Today's news, which also percolated to major newspapers like the New York Times, is that the LHCb experiment has found a new baryon called Xi (from the greek letter Ξ), which is composed of two charm quarks and an up quark. The discovered particle has a mass in excess of three proton masses, a bit higher than that of a close relative found in 2002 at Fermilab. This point raises a small controversy, as the LHCb result casts a bit of doubt on the exactness of the previous measurement; but I prefer to direct this article elsewhere today.

First of all, what was seen and how ? The Xi signal was observed by reconstructing its decay into what is called a "fully exclusive final state", i.e. one perfectly defined by its constituents. A Lambda_c baryon, a positively-charged Kaon, and two pions of opposite charge. LHCb first reconstructs the Lambda_c baryon itself, again in its exclusive decay to a proton, a kaon, and a pion.
Then a selection for signal-like events is performed by a multilayer perceptron. They do so by optimizing a figure of merit based on a recipe of Giovanni Punzi which I find a bit outdated, but anyway, it works for them, so I should not bitch about it.

 The invariant mass distribution of the selected candidates in the LHCb search is shown below, where you clearly observe the peak resulting from the accumulation in the 3627 MeV whereabouts of all decay products of the Xi particle.

The data (black points with vertical uncertainty bars) are well fit by an almost linear background density and a Breit-Wigner shape for the signal component. The signal passes the "interocular stress test", so there is no sigma-counting needed here: you know you have a signal there if it hits you between the eyes.


Enter Karliner and Rosner

The exact mass of these composite objects has always been a bit of a puzzle for theorists, as in subnuclear physics one plus one plus one is not always three. If you could weigh separately two charm and a up quark by themselves (you cannot, as these particles do not exist as free states -they can only be found inside hadrons containing other quarks) and computed their sum, you would find a result which has little to do with the true mass of the Xi baryon. 

The reason is that inertial mass of these composite objects results from the composition of different effects: the mass of the ingredients, and the energy of the interaction that keeps them bound within the system. As we cannot precisely compute the latter, nor measuring the former, we are a bit in the dark in our predictions. Or are we?

Enter Marek Karliner (right) and Jonathan Rosner (below), the first a professor at Tel Aviv University, the second a professor at the University of Chicago.

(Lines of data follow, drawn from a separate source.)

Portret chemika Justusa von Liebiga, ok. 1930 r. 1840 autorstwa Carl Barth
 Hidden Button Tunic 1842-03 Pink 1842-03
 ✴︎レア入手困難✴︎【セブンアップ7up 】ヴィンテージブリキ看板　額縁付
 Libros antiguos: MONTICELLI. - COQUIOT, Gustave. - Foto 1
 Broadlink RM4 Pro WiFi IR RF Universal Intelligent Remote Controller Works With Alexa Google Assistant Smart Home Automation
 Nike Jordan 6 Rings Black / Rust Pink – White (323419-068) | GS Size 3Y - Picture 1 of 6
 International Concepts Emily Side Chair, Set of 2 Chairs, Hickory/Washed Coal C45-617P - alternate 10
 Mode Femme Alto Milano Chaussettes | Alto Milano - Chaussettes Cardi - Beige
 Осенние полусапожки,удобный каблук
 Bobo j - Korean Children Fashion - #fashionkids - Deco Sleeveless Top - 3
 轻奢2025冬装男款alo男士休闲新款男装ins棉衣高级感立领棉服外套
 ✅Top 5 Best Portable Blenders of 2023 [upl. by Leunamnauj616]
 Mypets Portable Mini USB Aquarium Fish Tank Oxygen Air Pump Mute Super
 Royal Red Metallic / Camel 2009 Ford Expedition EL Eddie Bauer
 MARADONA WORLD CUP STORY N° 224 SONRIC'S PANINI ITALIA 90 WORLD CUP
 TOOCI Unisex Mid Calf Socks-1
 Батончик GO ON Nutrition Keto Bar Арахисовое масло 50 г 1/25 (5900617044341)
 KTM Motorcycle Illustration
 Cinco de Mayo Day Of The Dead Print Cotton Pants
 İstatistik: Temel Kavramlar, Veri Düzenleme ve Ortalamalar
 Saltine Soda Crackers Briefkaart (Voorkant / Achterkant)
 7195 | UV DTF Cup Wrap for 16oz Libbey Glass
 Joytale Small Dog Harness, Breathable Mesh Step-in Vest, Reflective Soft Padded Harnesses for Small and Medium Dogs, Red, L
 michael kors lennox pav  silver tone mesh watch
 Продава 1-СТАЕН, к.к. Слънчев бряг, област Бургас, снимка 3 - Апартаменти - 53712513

Marek is a long-time friend and visitor of this blog, and I am honored of the fact: he in fact has contributed or helped produce several articles here in the past. He has a keen interest in the physics of these heavy hadronic states, and he understands their physics better than the rest of us. In a series of papers the two theorists produced in the recent past some precise estimates of the mass of these particles, and experimentalists have been confirming their predictions as the relevant data got available. This is especially true of today's new discovery, as the LHCb estimate of the Xi mass is of 3621.4 +- 0.8 MeV, well within one sigma of Karliner's and Rosner's prediction of 3627 MeV (see Phys.Rev. D 90, 94007 (2014))!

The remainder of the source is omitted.